• Required action:
Under this line is a listing; return exactly the lines starting at the one with "living room featuring" and running down to the one with "Petite Chocolate Premium", and leave out its pictures.

• Data shown:
....

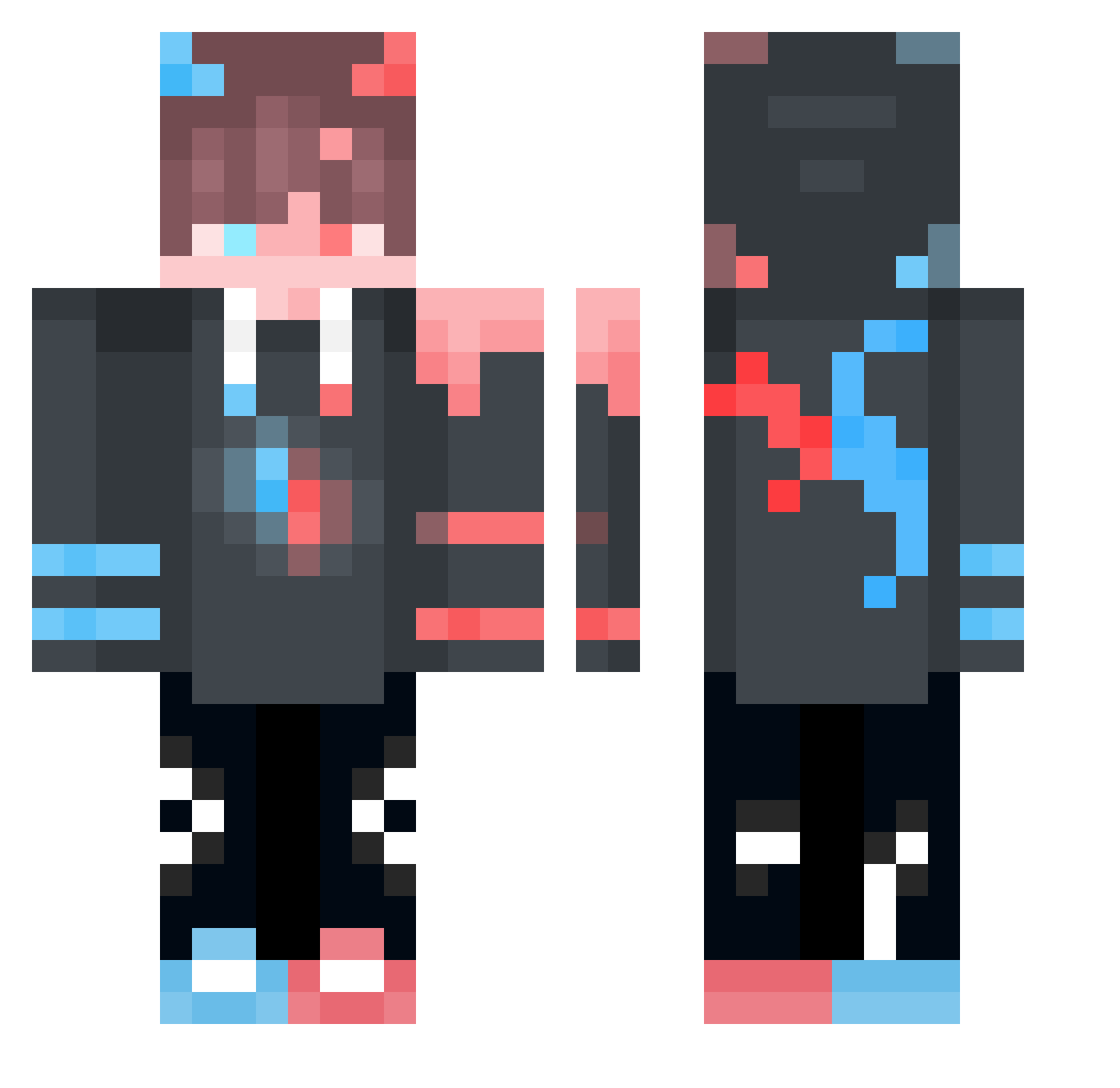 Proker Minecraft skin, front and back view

....

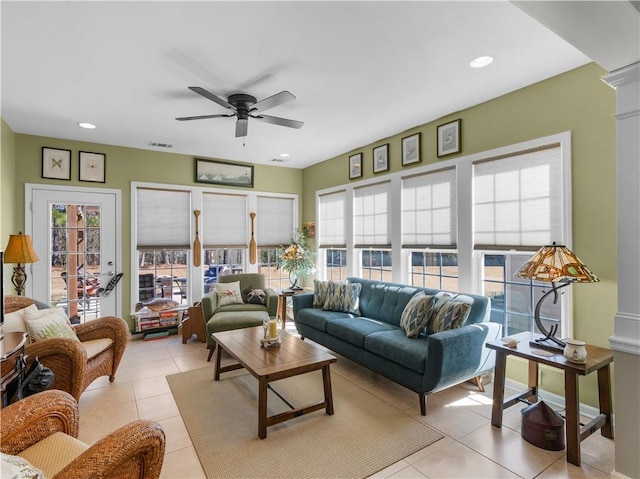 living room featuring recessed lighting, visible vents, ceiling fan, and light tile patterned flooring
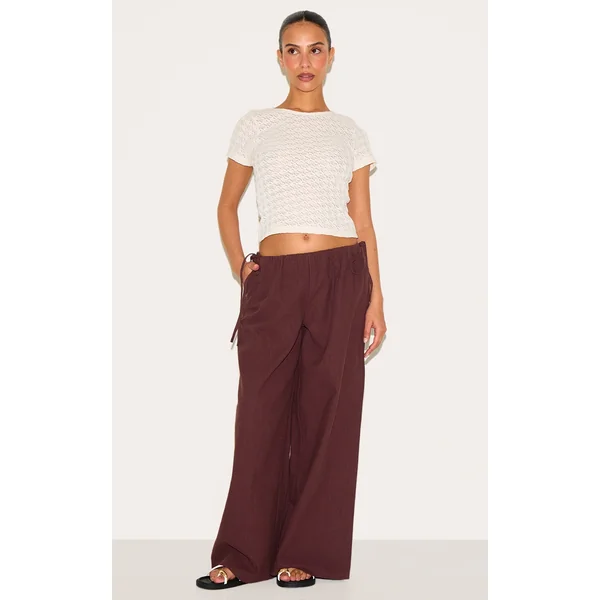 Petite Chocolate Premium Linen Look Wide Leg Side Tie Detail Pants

....

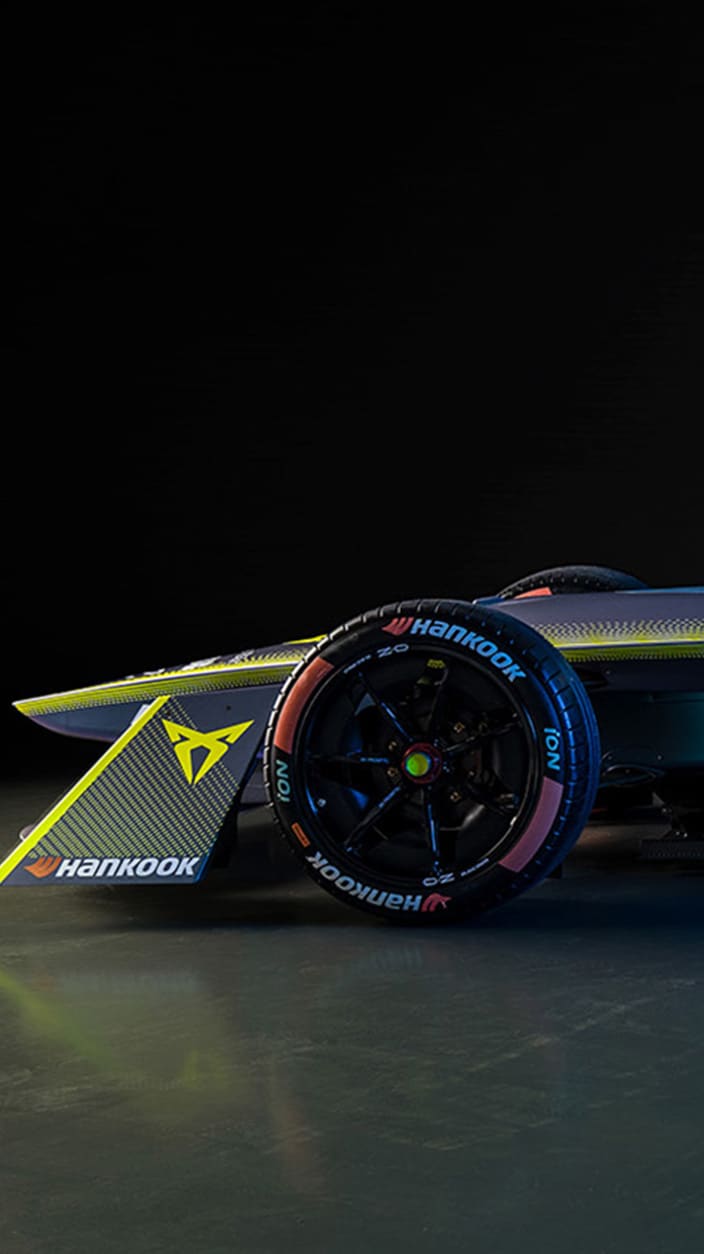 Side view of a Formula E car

....

• Exercise solution:
 living room featuring recessed lighting, visible vents, ceiling fan, and light tile patterned flooring
 Petite Chocolate Premium Linen Look Wide Leg Side Tie Detail Pants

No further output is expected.